As an example, the report repeatedly noted that African Americans received 95% of citations for Manner of Walking in a Roadway, suggesting that the police were arbitrarily harassing young Black men. Left out was that the FPD received scores of calls from residents, primarily African Americans, complaining about teens blocking streets and making residents drive around them or even to turn around and go the other way. The police weren’t randomly stopping Black teenagers, they were responding to valid complaints from residents – Black residents. It wasn’t an example of racism – it was an example of racial progress. Historically police ignored Black on Black crime and made little effort to protect African American neighborhoods. The FPD was actually doing its job, affording African American homeowners and renters the same responsiveness and protections afforded white neighborhoods.
This is what we want the police to do. There’s an old saying: the right to swing your fist ends at my nose. The role of the police is to protect the rights of citizens, to ensure that we don’t get punched in the nose by other members of society. Certainly, the police don’t always get it right, and yes there are still those officers that are poorly trained or even bad. However, the police play a critical role in creating the civil society we all hope for and benefit from, including Ferguson’s African American homeowners and renters.

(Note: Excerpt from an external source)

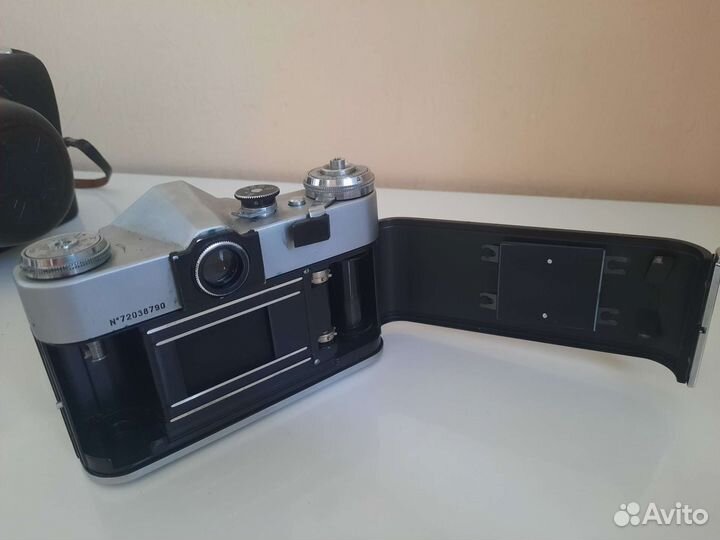 Фотоаппарат Zenit-b с объективом helios-44-2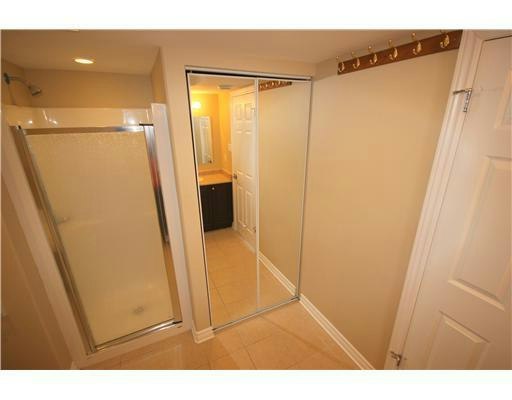 16-1238 Marenger Street, Ottawa, ON, K1C 1S2 - 4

The DOJ, in its efforts to advance police reform, set a pattern that to a degree continues to this day. There are certainly periodic examples of bad policies and bad officers. However, there are also reasonable police policies that sometimes have disproportionate outcomes that are questioned in a manner to suggest that the police must have been motivated by racial animus. Undoubtedly racial animus still exists and does distort some police actions and policies. However, because of the pattern started in Ferguson, we rarely have a fully honest conversation about policing and the social circumstances which necessitated the police policy.
Having a more honest conversation about policing isn’t turning back progress or denying there’s still more to do. Instead, it’s to move real reform forward. Bad data will always produce bad policies. We need to get back to a more balanced, and accurate, conversation on policing and its role in society. That conversation needs to begin where it all started, here in Ferguson, Missouri.
Blake Ashby served on the Ferguson City Council and on the Ferguson Neighborhood Policing Steering Committee. He is running for Missouri’s 1st Congressional seat under the Better Party, a newly formed Missouri political party.